The thematic organization of the chapters is a powerful approach, but it means sacrificing any sense of chronological development. As a result, there is little sense of the evolution of mujahideen tactics during the war or of their interaction over time with Soviet tactics, despite occasional references to such evolution in the chapter commentaries. In fact, the work places unreasonable expectations on the background knowledge of the reader. A summary of the war's origins, conduct, and outcome is badly needed. A table listing each major mujahideen faction, with its leader, ideology, and sponsors, would also be helpful, as these factions are referred to throughout the narrative. The book might also have addressed popular myths or conceptions about the war--for example, the U.S. view that distribution of Stinger antiaircraft missiles to the mujahideen broke the back of Soviet air support and hence was the decisive point of the struggle. The editors at a number of points indicate their disagreement with this vie w but never provide a formal rebuttal. On the other hand, the book capriciously provides detailed background information on such relatively trivial points as the official U.S. Army load weights for mules, Central Asian horses, and camels.
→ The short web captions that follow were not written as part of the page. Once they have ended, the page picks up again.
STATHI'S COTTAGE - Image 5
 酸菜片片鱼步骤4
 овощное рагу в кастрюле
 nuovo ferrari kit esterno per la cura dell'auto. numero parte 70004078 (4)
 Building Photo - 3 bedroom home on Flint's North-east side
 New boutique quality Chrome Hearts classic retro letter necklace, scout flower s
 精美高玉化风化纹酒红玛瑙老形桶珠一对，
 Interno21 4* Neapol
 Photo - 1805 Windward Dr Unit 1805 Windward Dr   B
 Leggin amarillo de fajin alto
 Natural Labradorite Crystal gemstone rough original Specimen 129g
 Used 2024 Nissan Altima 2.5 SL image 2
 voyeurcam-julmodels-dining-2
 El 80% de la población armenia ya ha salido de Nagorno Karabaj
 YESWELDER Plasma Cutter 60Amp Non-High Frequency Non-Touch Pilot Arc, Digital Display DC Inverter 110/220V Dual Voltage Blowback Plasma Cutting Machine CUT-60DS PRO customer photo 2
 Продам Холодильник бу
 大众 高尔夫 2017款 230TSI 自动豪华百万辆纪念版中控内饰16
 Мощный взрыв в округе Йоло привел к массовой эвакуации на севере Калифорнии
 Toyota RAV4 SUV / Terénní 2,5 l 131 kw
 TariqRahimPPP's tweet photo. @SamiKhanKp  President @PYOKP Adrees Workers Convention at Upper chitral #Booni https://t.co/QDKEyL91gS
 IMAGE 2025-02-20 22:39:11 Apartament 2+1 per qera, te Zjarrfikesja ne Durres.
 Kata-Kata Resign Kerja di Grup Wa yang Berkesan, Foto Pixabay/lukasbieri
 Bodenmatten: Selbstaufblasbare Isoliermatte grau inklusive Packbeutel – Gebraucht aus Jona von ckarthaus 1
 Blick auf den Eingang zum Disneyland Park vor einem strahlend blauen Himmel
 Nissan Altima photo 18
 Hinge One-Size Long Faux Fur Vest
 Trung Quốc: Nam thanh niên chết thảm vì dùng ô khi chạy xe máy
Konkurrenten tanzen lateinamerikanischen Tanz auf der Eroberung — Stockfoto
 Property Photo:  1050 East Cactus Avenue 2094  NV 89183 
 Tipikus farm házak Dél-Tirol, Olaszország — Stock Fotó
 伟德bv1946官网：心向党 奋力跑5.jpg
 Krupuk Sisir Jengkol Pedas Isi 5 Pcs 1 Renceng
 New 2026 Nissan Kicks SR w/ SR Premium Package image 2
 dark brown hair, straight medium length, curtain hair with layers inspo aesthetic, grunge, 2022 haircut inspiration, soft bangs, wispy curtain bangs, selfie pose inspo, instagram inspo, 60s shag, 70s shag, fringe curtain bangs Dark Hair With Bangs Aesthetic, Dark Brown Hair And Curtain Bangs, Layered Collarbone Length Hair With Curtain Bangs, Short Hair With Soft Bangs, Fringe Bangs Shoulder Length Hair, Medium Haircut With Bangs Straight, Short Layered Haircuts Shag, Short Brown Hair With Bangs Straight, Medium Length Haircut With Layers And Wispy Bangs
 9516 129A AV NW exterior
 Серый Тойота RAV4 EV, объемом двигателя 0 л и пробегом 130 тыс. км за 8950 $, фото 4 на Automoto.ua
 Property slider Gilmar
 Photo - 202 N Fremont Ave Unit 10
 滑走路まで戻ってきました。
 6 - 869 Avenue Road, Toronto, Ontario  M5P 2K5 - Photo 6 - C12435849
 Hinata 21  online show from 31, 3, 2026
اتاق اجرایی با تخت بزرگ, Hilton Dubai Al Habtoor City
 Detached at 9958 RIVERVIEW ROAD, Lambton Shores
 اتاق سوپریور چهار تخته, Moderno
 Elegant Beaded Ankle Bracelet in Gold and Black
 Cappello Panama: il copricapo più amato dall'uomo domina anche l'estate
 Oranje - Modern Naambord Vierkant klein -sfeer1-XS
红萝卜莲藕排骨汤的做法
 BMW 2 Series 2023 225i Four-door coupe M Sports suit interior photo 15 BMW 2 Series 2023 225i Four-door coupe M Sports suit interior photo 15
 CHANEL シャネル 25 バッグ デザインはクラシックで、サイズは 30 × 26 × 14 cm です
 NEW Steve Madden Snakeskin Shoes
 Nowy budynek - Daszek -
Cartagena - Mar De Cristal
The book has a strong geographic bias--most of the actions it describes are in the vicinity of Kabul or on the route connecting Kabul and Jalalabad. Most of the remaining actions are in the Kandahar area. There is nothing from the Herat region, or the area around Mazar-e Sharif, or the Panjshir Valley. This bias may be explained by a point the editors make in their introduction, that a number of interviews could not be completed because of the 1996 Taliban advance on Kabul and the north. Still, they need to explain how they have compensated for this imbalance in their material, especially in view of their own contention that the conduct of the war varied by region and by the ethnicities involved.